Les banques ont fait le job, selon Stéphane Latouche

En Occitanie, les crédits aux entreprises ont progressé de 14,5 % (au 31 juillet, sur un an) contre +12 % à l’échelon national. « En six mois, les banques ont décaissé en faveur des entreprises deux fois plus qu’elles n’ont décaissé sur toute l’année 2019, pointe ainsi Stéphane Latouche, directeur régional de la Banque de France. Elles ont réellement fait le job. »

Ainsi en région, au 4 septembre, 57 300 entreprises avaient sollicité un prêt garanti par l’État, selon le pointage effectué par la Banque de France. Le montant global de ces PGE s’élève à 8 Mds €. En Occitanie, « 6 % des entreprises seulement ont eu recours au PGE, précise Stéphane Latouche, 89 % des demandes émanant de TPE », issues de l’industrie, de la construction, du commerce et du secteur de l’hôtellerie-restauration pour l’essentiel. « Ce sont des PGE de précaution, ajoute-t-il, car globalement peu ont été consommés et figurent encore sur les comptes des entreprises. »

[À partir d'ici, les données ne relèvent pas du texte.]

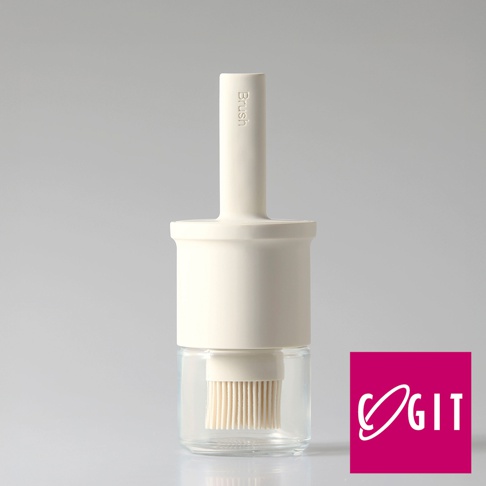 米白色塑膠刷柄與瓶蓋，搭配透明玻璃儲油罐，內置米白色矽膠刷毛。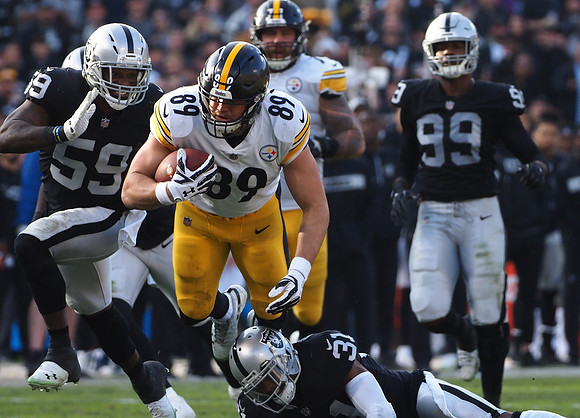 NFL: Pittsburgh Steelers at Oakland Raiders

À l’échelon national, ce sont 574 700 prêts qui ont été accordés pour un montant global de 119 Mds € sur une enveloppe de 300 Mds € prévue par l’État. Ce qui laisse augurer d’une possible seconde vague de demandes de PGE en fin d’année.

En parallèle, le nombre des recours à la médiation du crédit continue de baisser, pointe également la Banque de France qui dénombre 1 129 saisies entre le 17 mars et le 31 août. Cela représente 166 M € d’encours de crédit traités et 3 100 emplois confortés. Une médiation sur deux est couronnée de succès.